(Records from a data source)

- - - - - - -

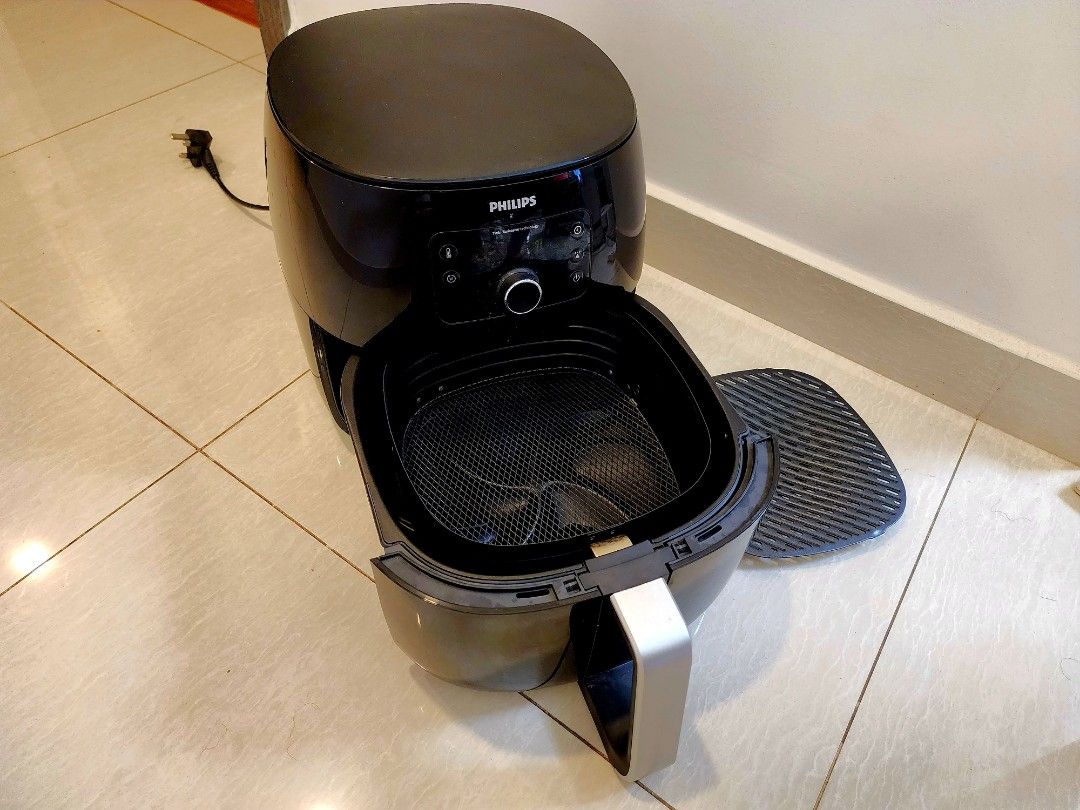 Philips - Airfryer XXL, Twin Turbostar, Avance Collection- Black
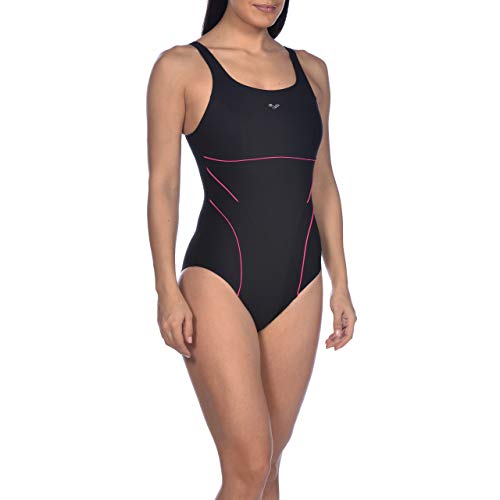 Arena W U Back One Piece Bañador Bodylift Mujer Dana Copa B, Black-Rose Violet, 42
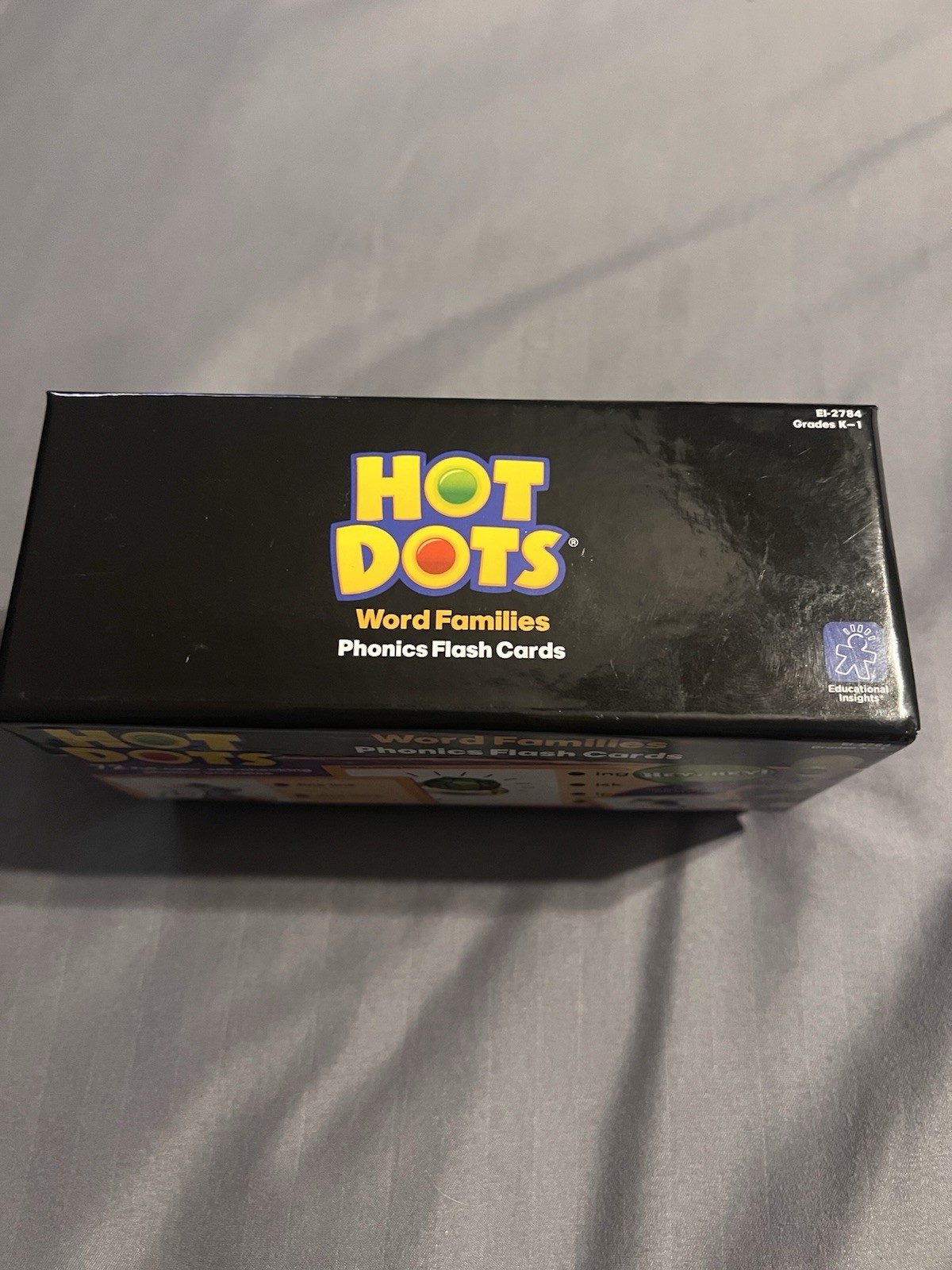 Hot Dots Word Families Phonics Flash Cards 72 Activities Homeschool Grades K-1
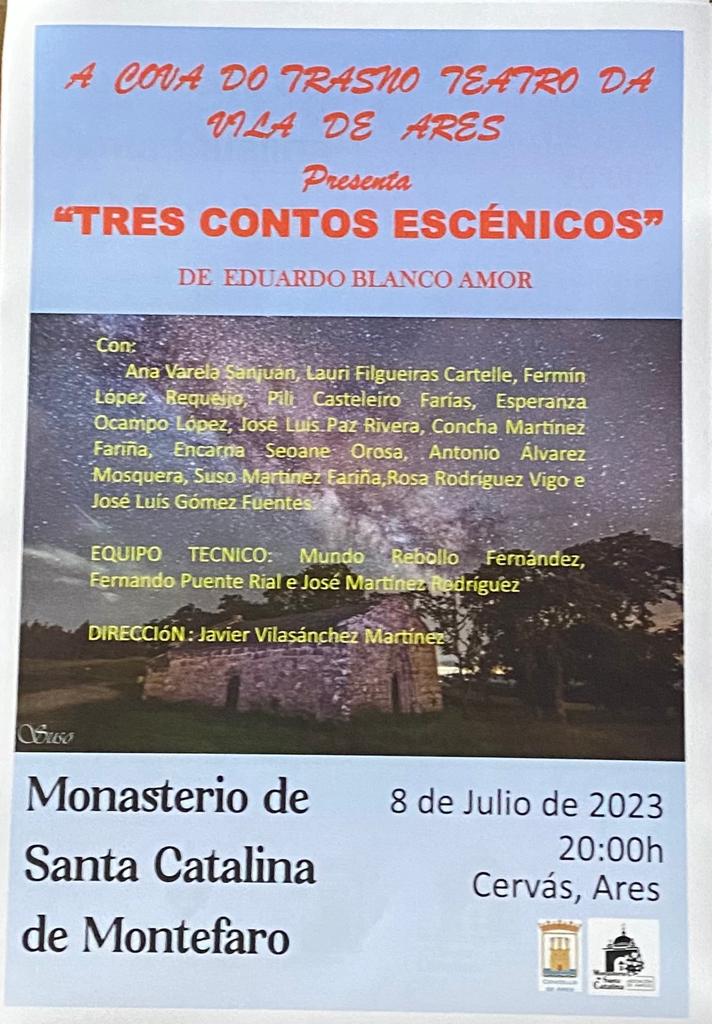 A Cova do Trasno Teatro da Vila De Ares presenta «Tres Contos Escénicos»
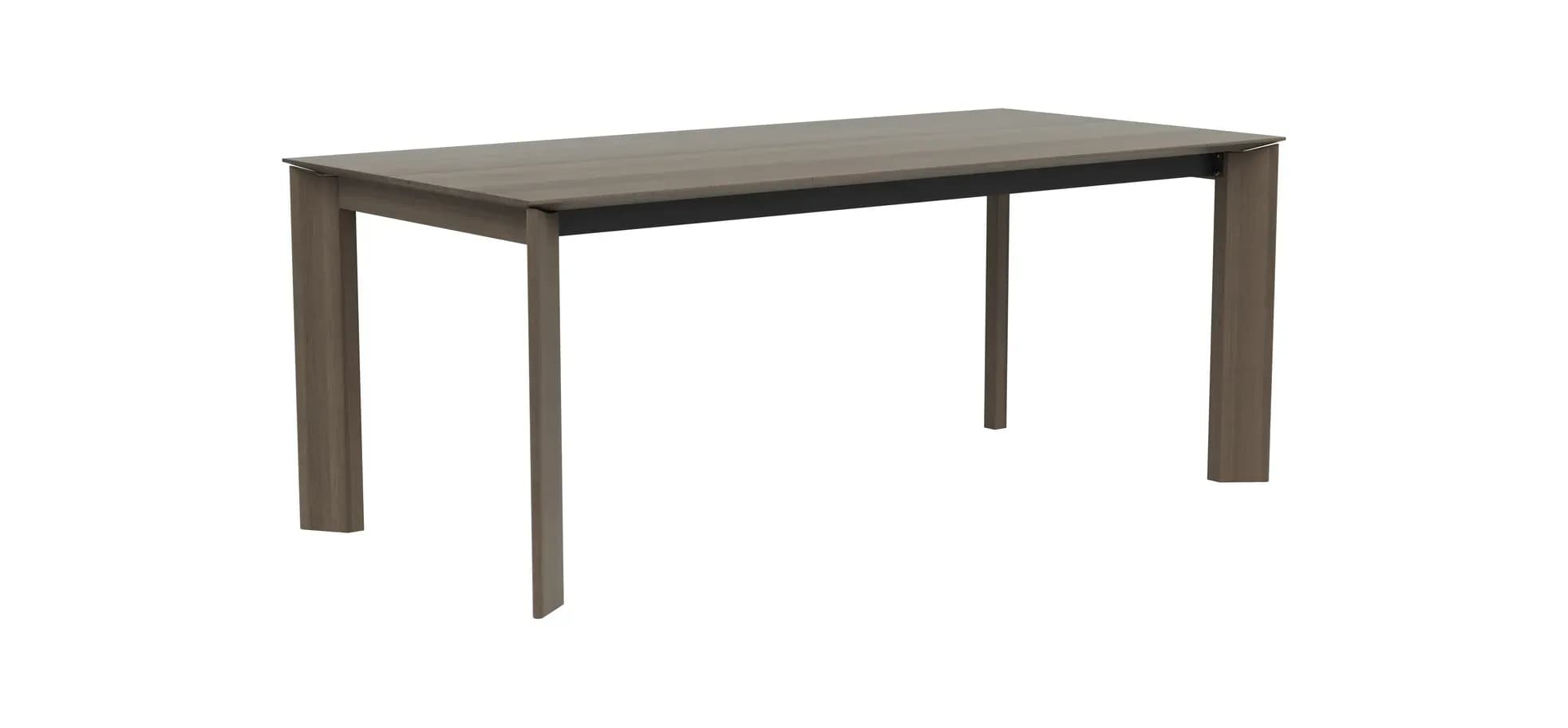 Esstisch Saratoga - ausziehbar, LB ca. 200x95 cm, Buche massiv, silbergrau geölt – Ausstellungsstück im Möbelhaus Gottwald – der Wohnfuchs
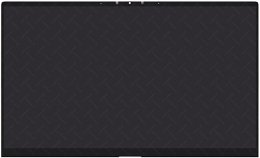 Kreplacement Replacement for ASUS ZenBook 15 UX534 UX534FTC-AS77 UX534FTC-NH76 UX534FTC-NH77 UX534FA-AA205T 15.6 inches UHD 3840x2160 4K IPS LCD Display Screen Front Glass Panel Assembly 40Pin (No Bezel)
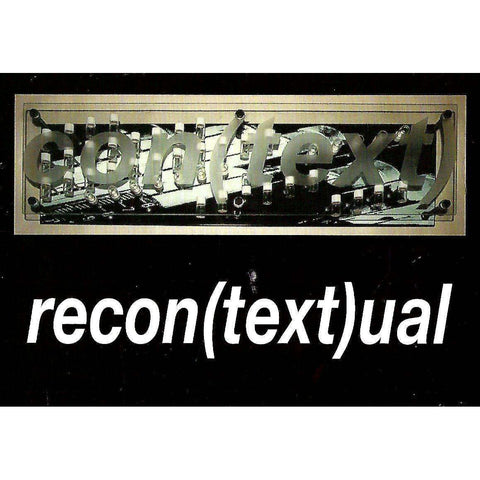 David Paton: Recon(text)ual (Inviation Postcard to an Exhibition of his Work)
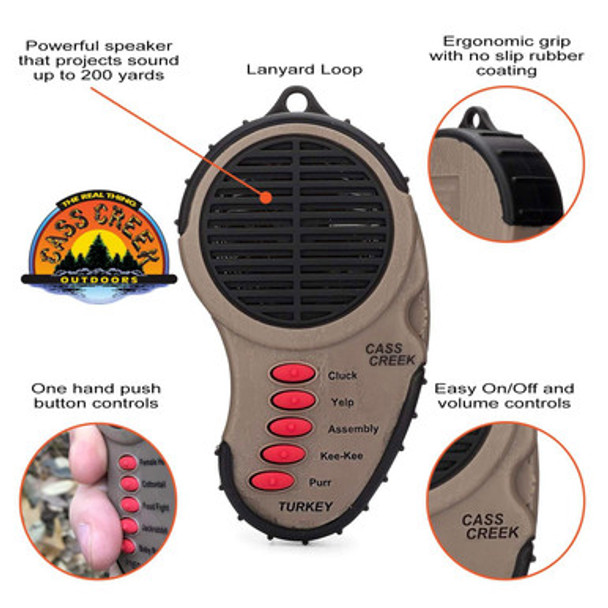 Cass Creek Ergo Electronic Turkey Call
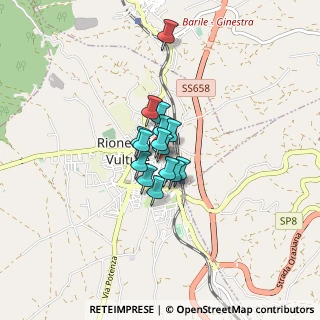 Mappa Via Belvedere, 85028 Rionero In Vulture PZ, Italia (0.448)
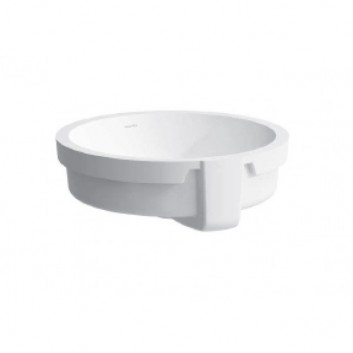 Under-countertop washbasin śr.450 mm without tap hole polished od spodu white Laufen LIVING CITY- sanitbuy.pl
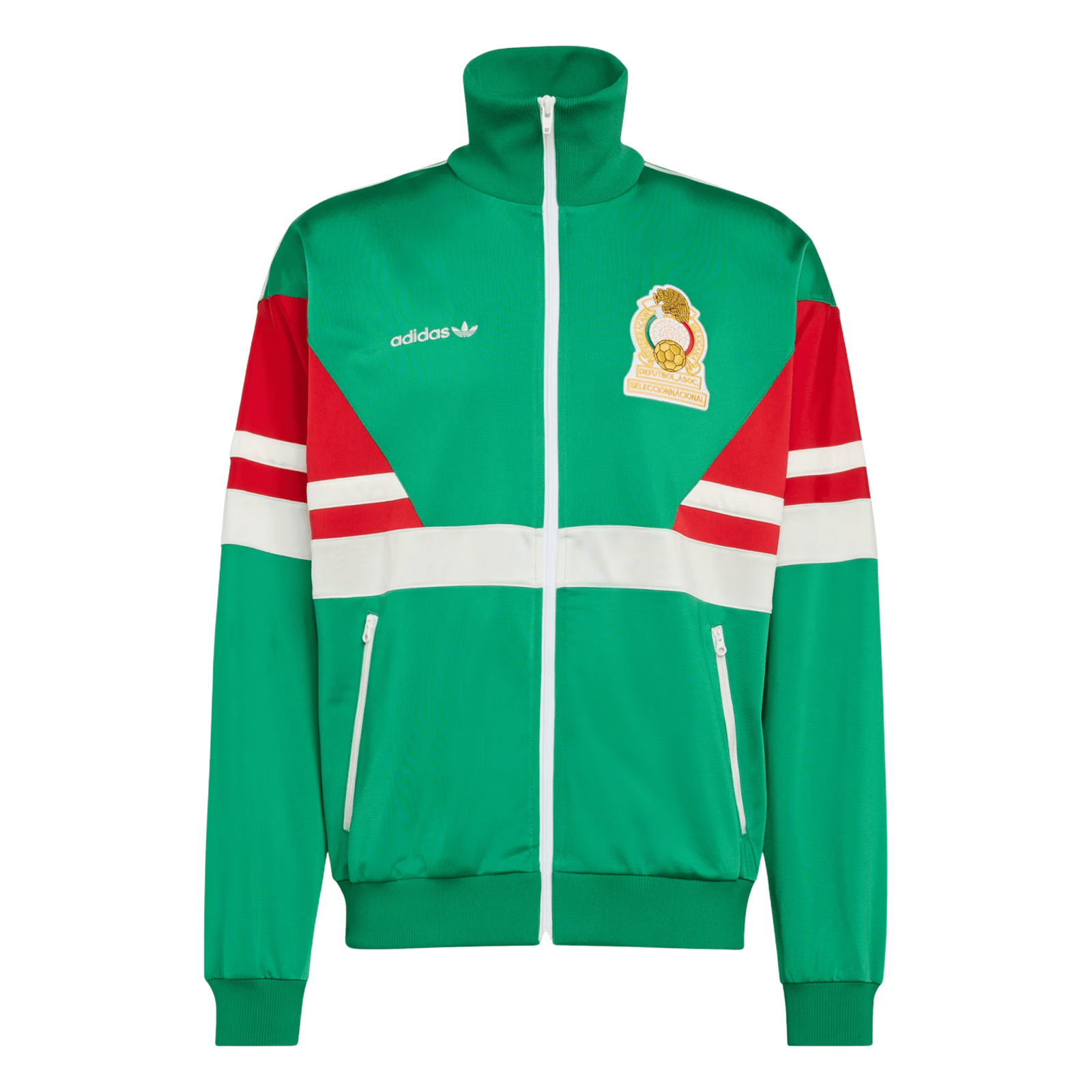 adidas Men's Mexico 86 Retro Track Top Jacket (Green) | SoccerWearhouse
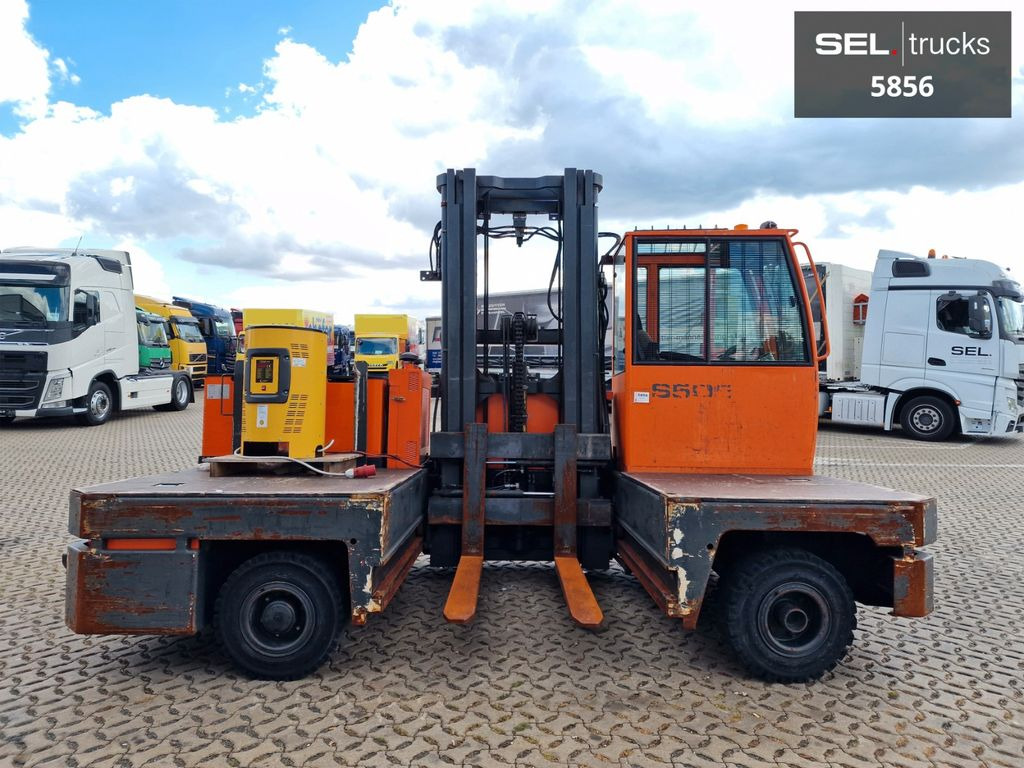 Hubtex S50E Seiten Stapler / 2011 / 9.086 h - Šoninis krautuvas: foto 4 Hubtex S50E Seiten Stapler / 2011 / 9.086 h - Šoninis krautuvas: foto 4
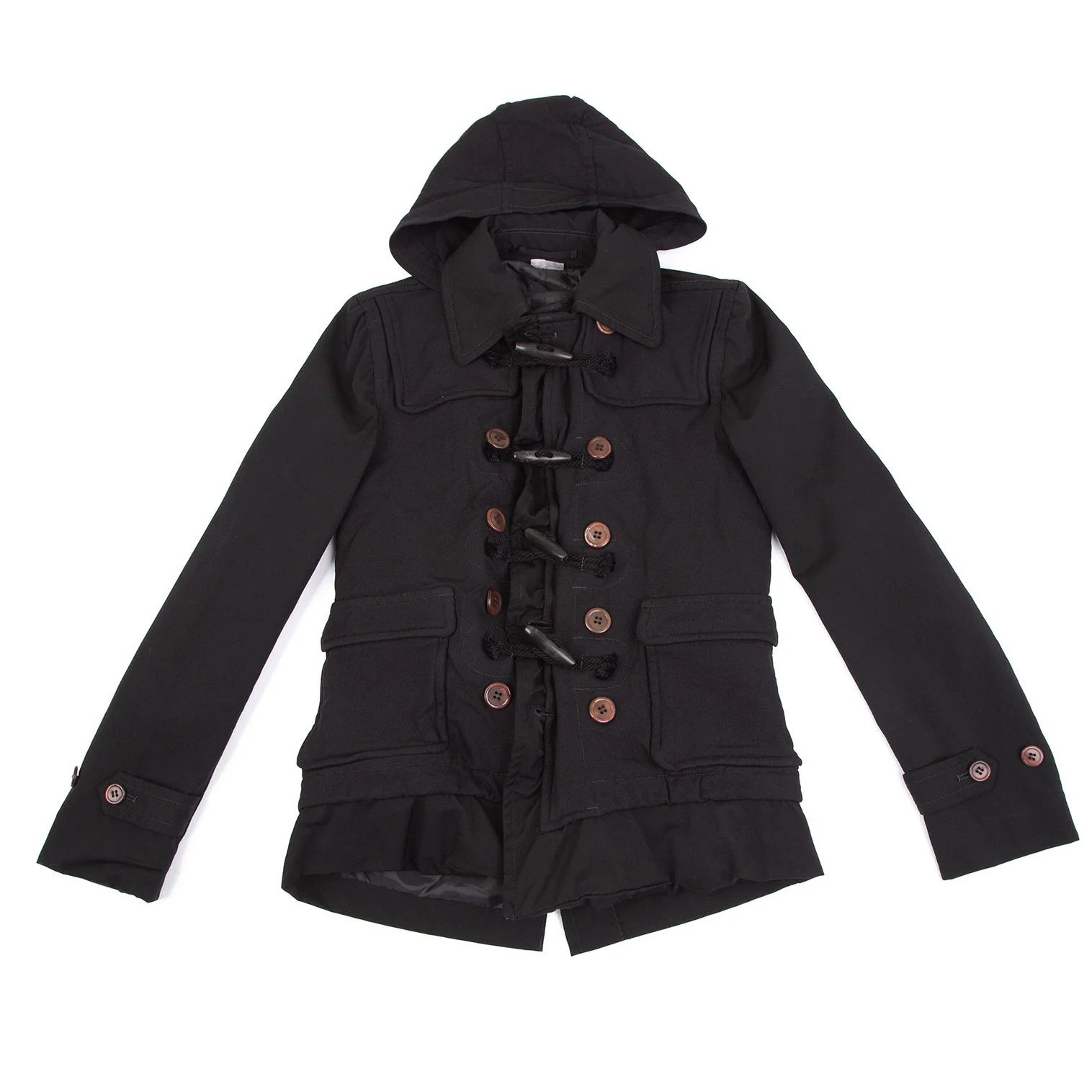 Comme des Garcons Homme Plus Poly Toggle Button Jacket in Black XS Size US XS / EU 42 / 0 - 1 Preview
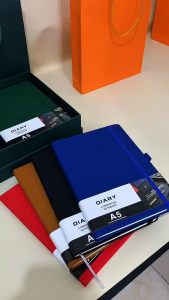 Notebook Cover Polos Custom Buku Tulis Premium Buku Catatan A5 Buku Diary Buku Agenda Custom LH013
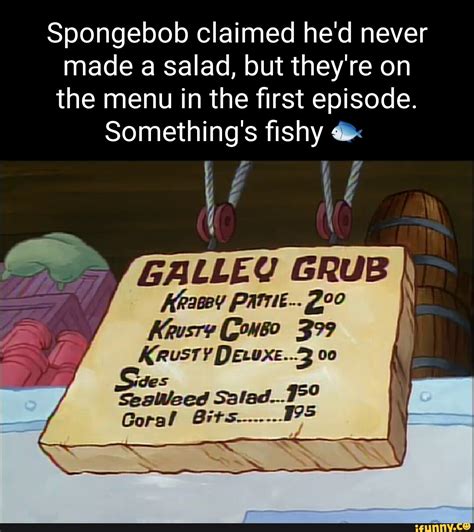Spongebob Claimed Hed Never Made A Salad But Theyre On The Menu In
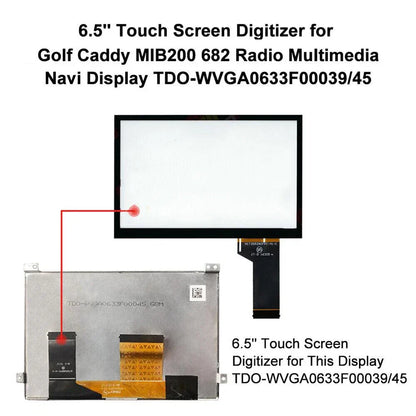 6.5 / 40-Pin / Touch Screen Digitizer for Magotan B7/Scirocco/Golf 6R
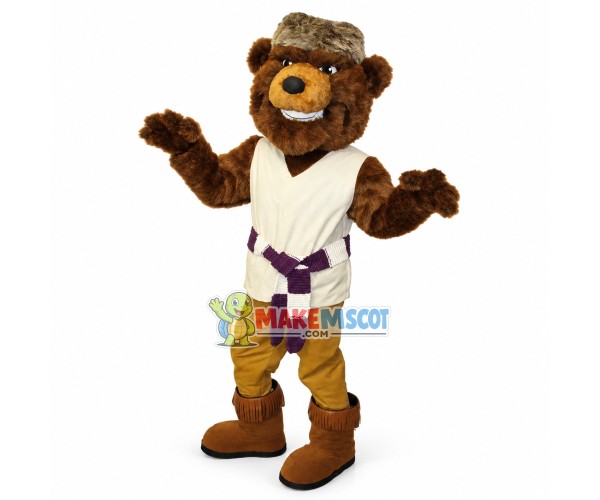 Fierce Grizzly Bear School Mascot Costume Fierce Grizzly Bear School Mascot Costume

- - - - - - -

■ **EXERCISE**
Output should consist of the lines above from the one with "David Paton: Recon(text)ual" down to the one with "adidas Men's Mexico", exact and without pictures.

■ **RESULT OF THIS TASK**
 David Paton: Recon(text)ual (Inviation Postcard to an Exhibition of his Work)
 Cass Creek Ergo Electronic Turkey Call
 Mappa Via Belvedere, 85028 Rionero In Vulture PZ, Italia (0.448)
 Under-countertop washbasin śr.450 mm without tap hole polished od spodu white Laufen LIVING CITY- sanitbuy.pl
 adidas Men's Mexico 86 Retro Track Top Jacket (Green) | SoccerWearhouse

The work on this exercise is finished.